━━ Dataset content ━━

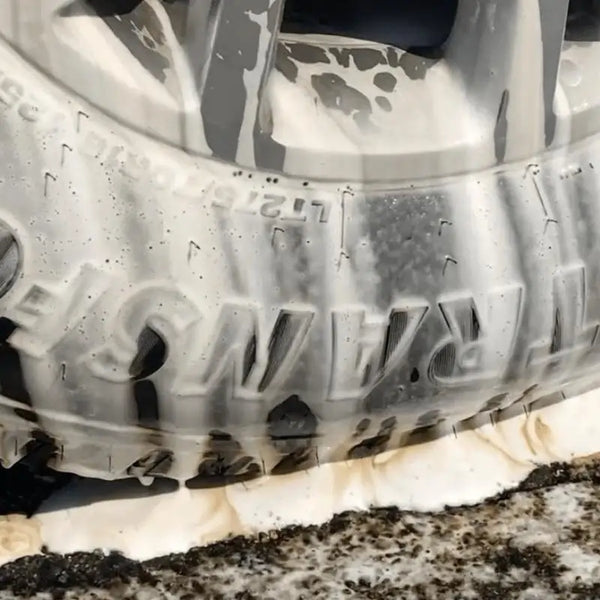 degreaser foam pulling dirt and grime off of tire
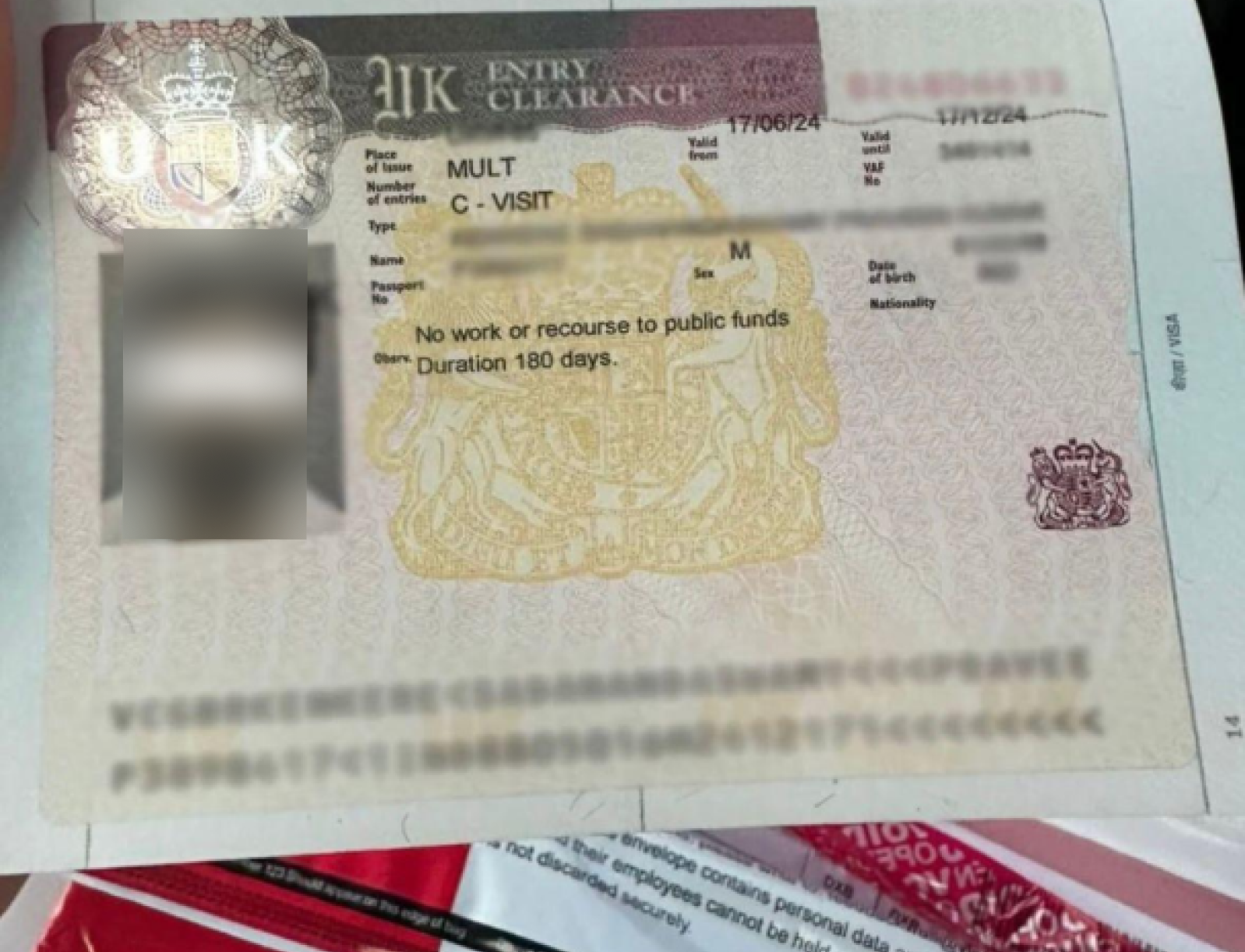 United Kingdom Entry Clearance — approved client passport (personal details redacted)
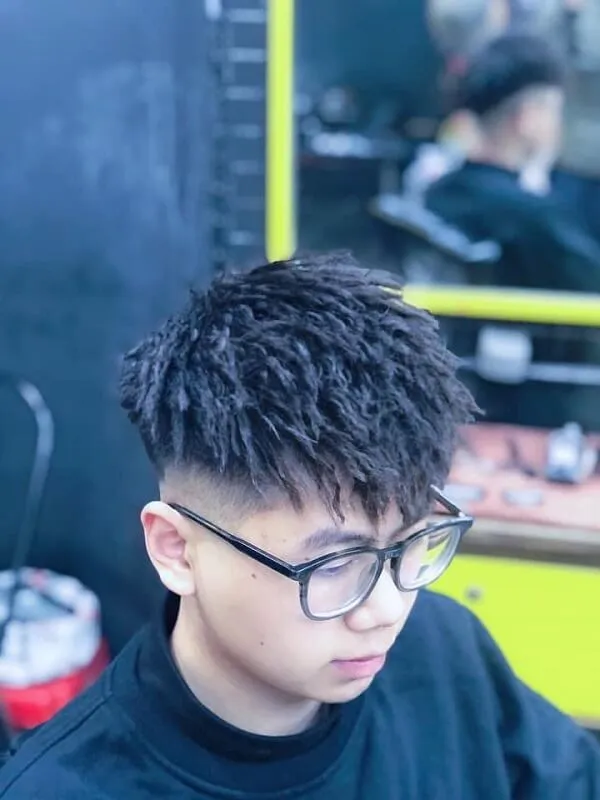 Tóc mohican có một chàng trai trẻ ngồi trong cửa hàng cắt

━━━

Task instructions: Return an exact copy of the data above, apart from any pictures.

Expected output:
 degreaser foam pulling dirt and grime off of tire
 United Kingdom Entry Clearance — approved client passport (personal details redacted)
 Tóc mohican có một chàng trai trẻ ngồi trong cửa hàng cắt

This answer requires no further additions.